Faut-il pour autant en déduire que les prédécesseurs de Lopez Obrador et désormais de Claudia Sheinbaum ont été exemplaires ? "Non", répond amusée Lilia Gomez Jimenez en rappelant l’interpénétration de tous le partis politiques et l’échec partagé de tous les gouvernements passés face au fléau numéro un : le crime organisé. Au-delà de la visibilisation de la violence dans des localités où celle-ci restait discrète comme dans la célèbre ville d’Acapulco, ce qui inquiète "c’est la diversification des activités économiques des narcotrafiquants et l’emprise sur la politique locale", fait remarquer la politologue.

Claudia Sheinbaum promet de continuer à s’attaquer aux causes premières de la criminalité : la pauvreté et les inégalités. Mais cette politique perçue comme clémente vis-à-vis du crime organisé n’a pas produit les effets escomptés. Les points "chauds" se sont multipliés avec l’étalage de l’extrême violence des cartels. La nouvelle présidente entend également mettre en place à niveau national la méthode qu’elle avait promue pendant ses années à la tête de la ville de Mexico (2018-2023). Elle a renforcé l’appareil judiciaire local et a resserré les liens entre les différentes entités chargées des enquêtes avec succès. Elle insiste aussi sur le fait que le problème des drogues est aussi un problème de santé publique et hors de question de parler de "guerre".

"Le peuple avant tout"

Si Claudia Sheinbaum elle-même a entretenu l’image de "dauphine" pendant la campagne électorale, il ne faut pas oublier qu’elle est tout sauf une débutante. Née de parents déjà engagés dans les luttes du mai 68 mexicain, elle a été très vite au contact de la politique. Dans sa jeunesse elle a été de toutes les revendications étudiantes et une figure des mouvements sociaux de Mexico. C’est dans cette effervescence qu’elle se rapproche de Lopez Obrador qui promet de mettre "le peuple avant tout".

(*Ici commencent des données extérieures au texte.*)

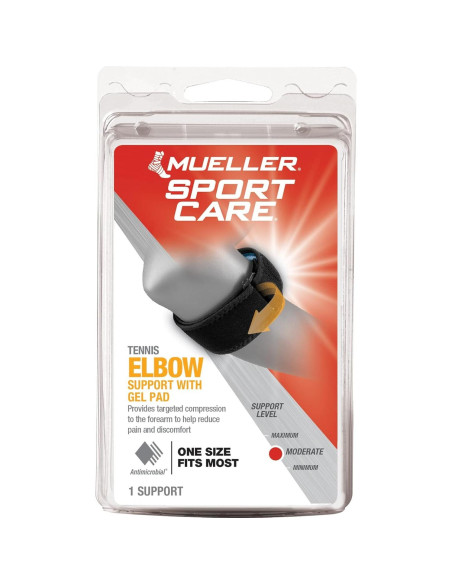Soporte para codo de tenis Mueller con almohadilla de gel, negro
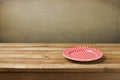 Empty plate on wooden table Royalty Free Stock Photo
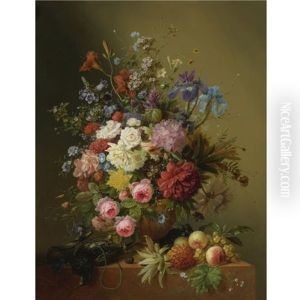 A Still Life Of Roses, Peonies, Irises And Other Flowers In A Terracotta Vase On A Ledge With Fruit And A Bird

L'objectif est que les plus modestes se sentent reconnus et entendus par ce gouvernement. Hélène Combes, directrice de recherche au CNRS rattachée au CERI Sciences Po Paris, rappelle au micro de RFI que Claudia Sheinbaum n’est pas entourée des mêmes profils qu’AMLO et qu’elle est tout à fait capable d’exprimer son désaccord. La chercheuse fait remarquer également que la nouvelle présidente est plus cosmopolite qu’AMLO : "Elle parle très bien anglais contrairement à López Obrador".

Après six années d’effacement sur la scène internationale, la nouvelle cheffe d'Etat mexicaine pourrait bien refaire entendre la voix de son pays dans les forums internationaux. La chercheuse qui a suivi de près l’action de Claudia Sheinbaum rappelle que de nombreux programmes mis en place par l’ancienne maire de Mexico ont eu un véritable impact sur la vie de la population. Si elle a soigné sa stature présidentiable, elle pourrait bien se garder d’entretenir l’image populiste de l’actuel chef de l’Etat.

Le Mexique, champion de la représentation des femmes en politique

"Héritière" ou pas, Claudia Sheinbaum est déjà entrée dans l’Histoire. Gaspard Estrada, Directeur Exécutif de l’Observatoire politique de l’Amérique latine et des Caraïbes de Sciences Po, insiste sur le fait que la double candidature féminine et la victoire de la nouvelle présidente sont le résultat de politiques et de lois en faveur de la représentation politique des femmes. "Il faut rappeler que le Mexique bat les records latino-américains en la matière. Maintenant, il faut que leur élection se traduise en véritables politiques pour le droit des femmes", estime-t-il. Si Claudia Sheinbaum se dit féministe et célèbre "le temps des femmes", les collectifs féministes se montrent plus que sceptiques.

    C’est évidemment historique d’avoir une femme présidente de ce pays mais ce n’est pas une fin en soi. Arussi Unda, membre du collectif Brujas del Mar

Aux rênes de la ville de Mexico, Claudia Scheinbaum entretenait une relation complexe avec les manifestations féministes et les "Guacamaya papers" ont prouvé que des féministes étaient sous surveillance policière et militaire. Figure du féminisme de l’Etat de Veracruz, Arussi Unda, membre du collectif Brujas del Mar, les sorcières de la mer, se souvient que pendant sa campagne pour la ville de Mexico, celle-ci "s’était assise avec de nombreuses organisations qu’elle a ignorées par la suite". "C’est évidemment historique d’avoir une femme présidente de ce pays mais ce n’est pas une fin en soi", conclut-elle.